Extracted records:
⁂
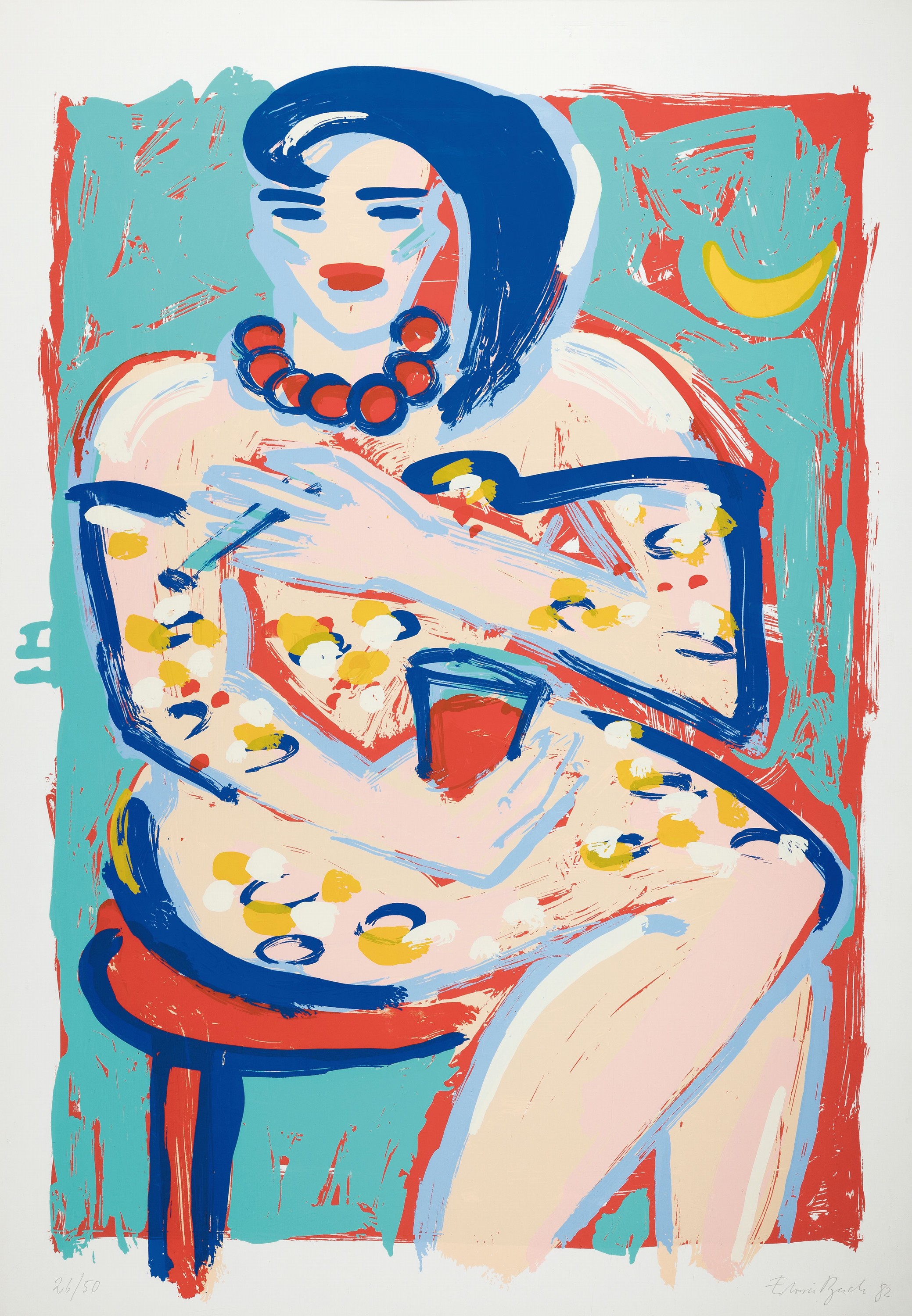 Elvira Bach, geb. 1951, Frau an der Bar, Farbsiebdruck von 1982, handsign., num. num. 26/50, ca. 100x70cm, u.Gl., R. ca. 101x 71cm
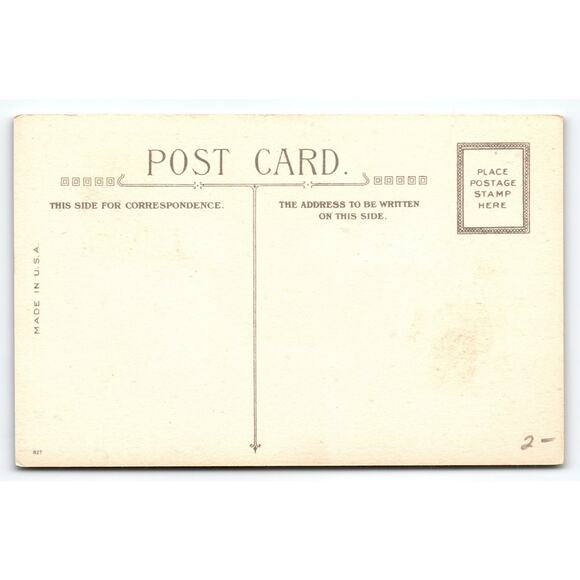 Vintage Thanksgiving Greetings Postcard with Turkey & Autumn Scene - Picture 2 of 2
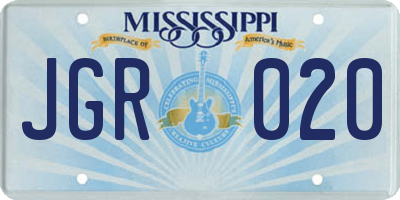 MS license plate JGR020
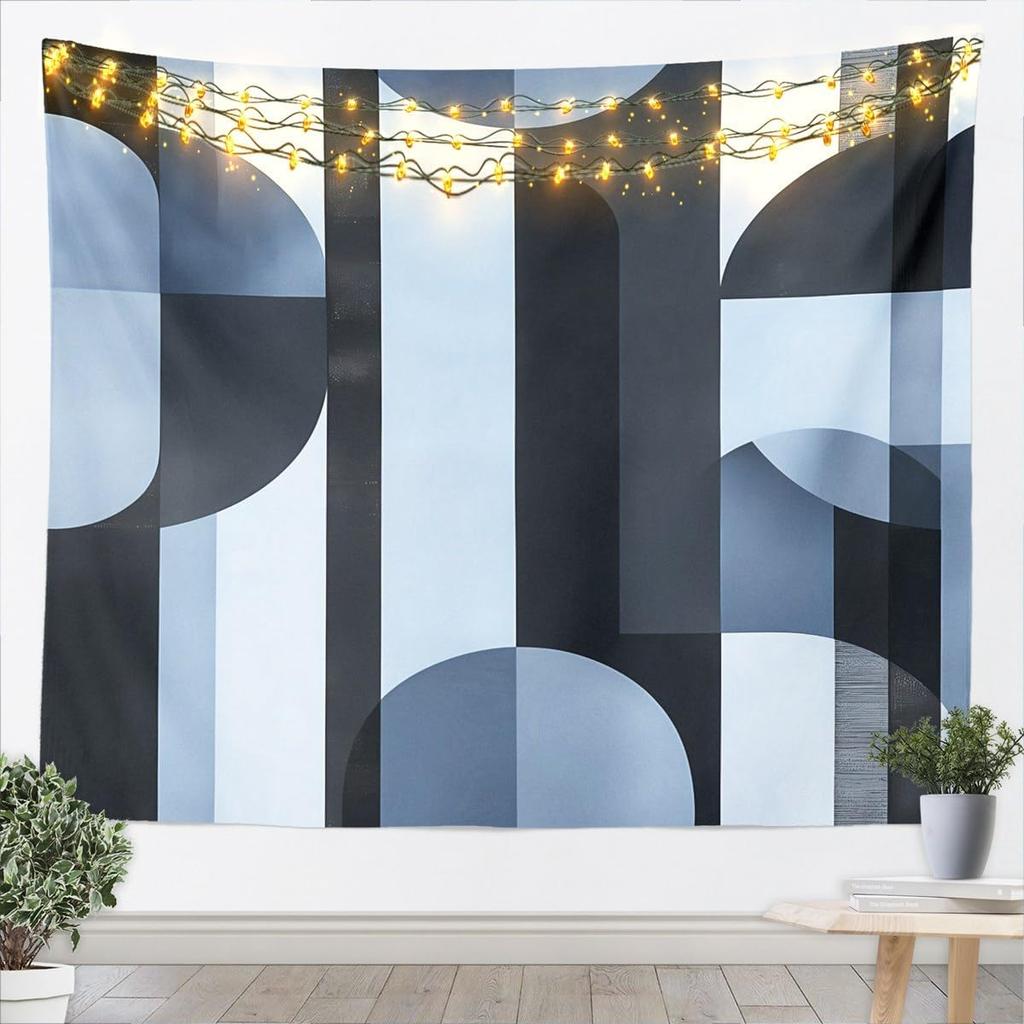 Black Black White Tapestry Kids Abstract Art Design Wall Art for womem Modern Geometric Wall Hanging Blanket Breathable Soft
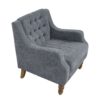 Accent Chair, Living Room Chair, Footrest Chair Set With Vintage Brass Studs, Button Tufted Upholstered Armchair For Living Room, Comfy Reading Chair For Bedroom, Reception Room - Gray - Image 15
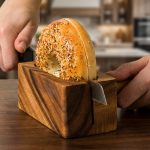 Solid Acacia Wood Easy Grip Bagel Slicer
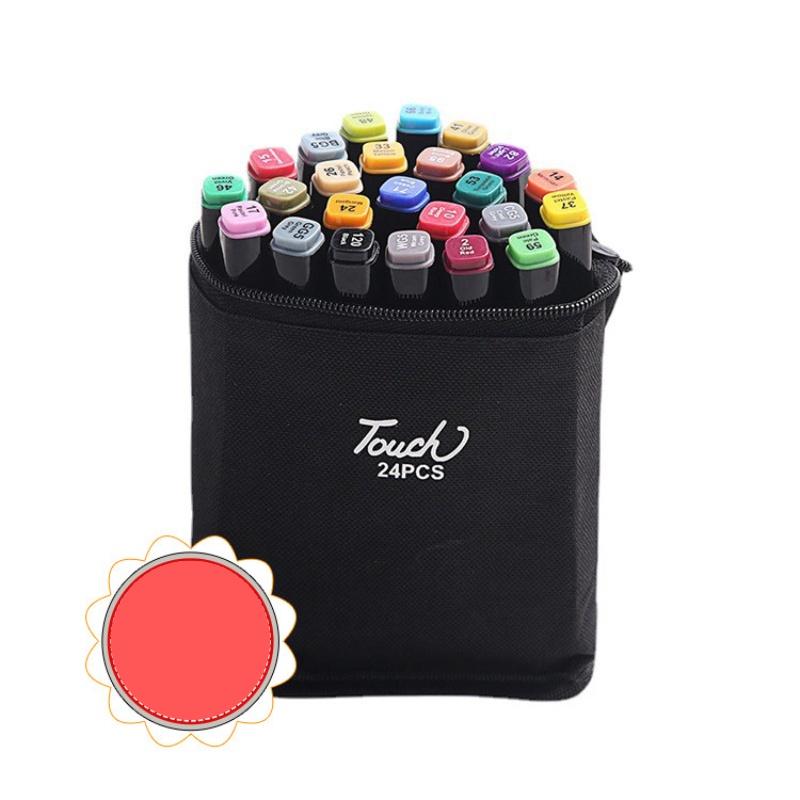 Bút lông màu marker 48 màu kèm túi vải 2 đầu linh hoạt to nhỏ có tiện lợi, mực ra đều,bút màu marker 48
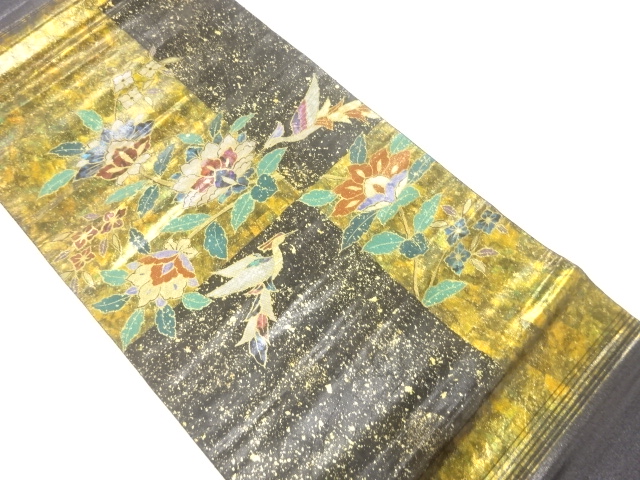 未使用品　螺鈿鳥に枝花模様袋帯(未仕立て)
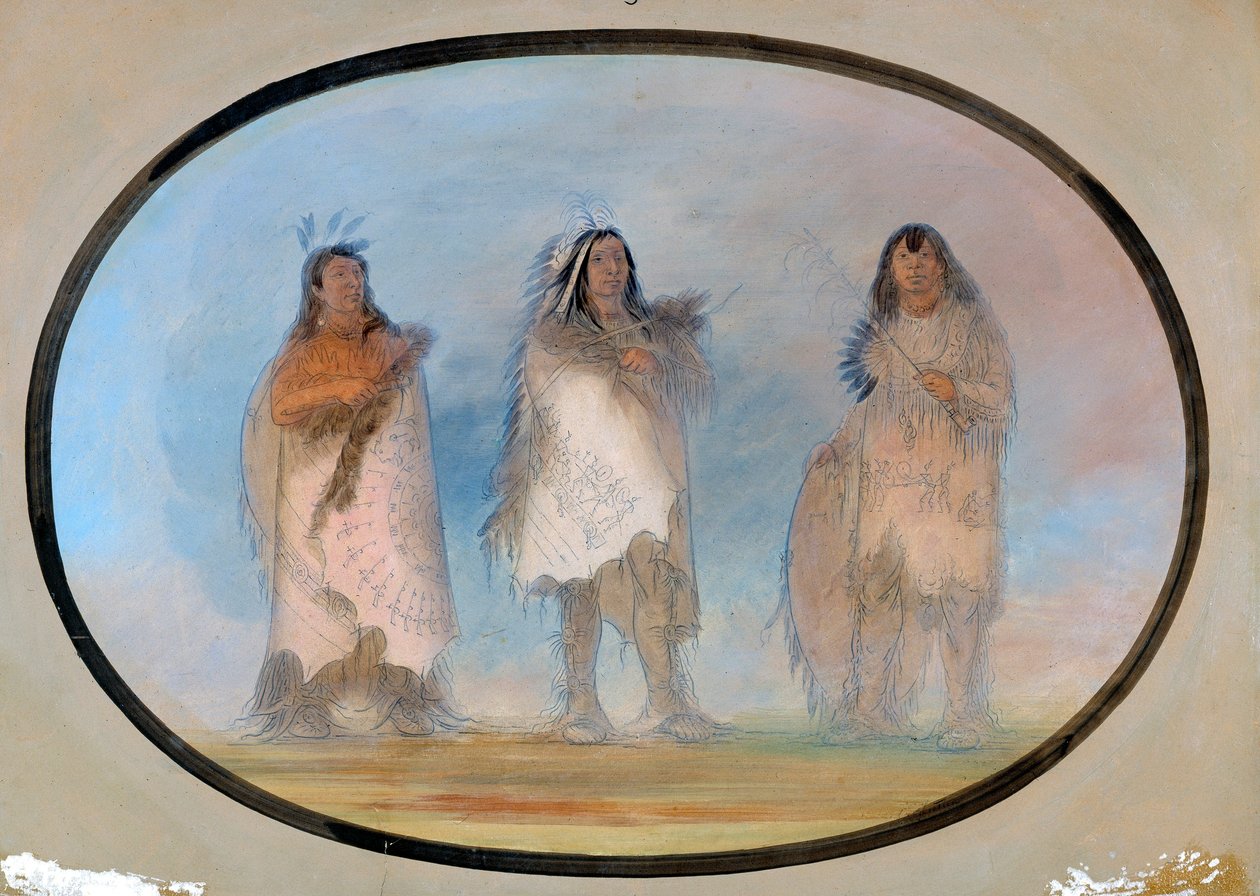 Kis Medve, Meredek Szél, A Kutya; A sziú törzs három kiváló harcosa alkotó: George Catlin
⁂
— WORK ORDER —
Give back exactly, and solely, the section of the data above bounded by the line containing "Vintage Thanksgiving Greetings" and the line containing "Black Black White", both bounding lines included and pictures omitted.

— RESPONSE AREA —
 Vintage Thanksgiving Greetings Postcard with Turkey & Autumn Scene - Picture 2 of 2
 MS license plate JGR020
 Black Black White Tapestry Kids Abstract Art Design Wall Art for womem Modern Geometric Wall Hanging Blanket Breathable Soft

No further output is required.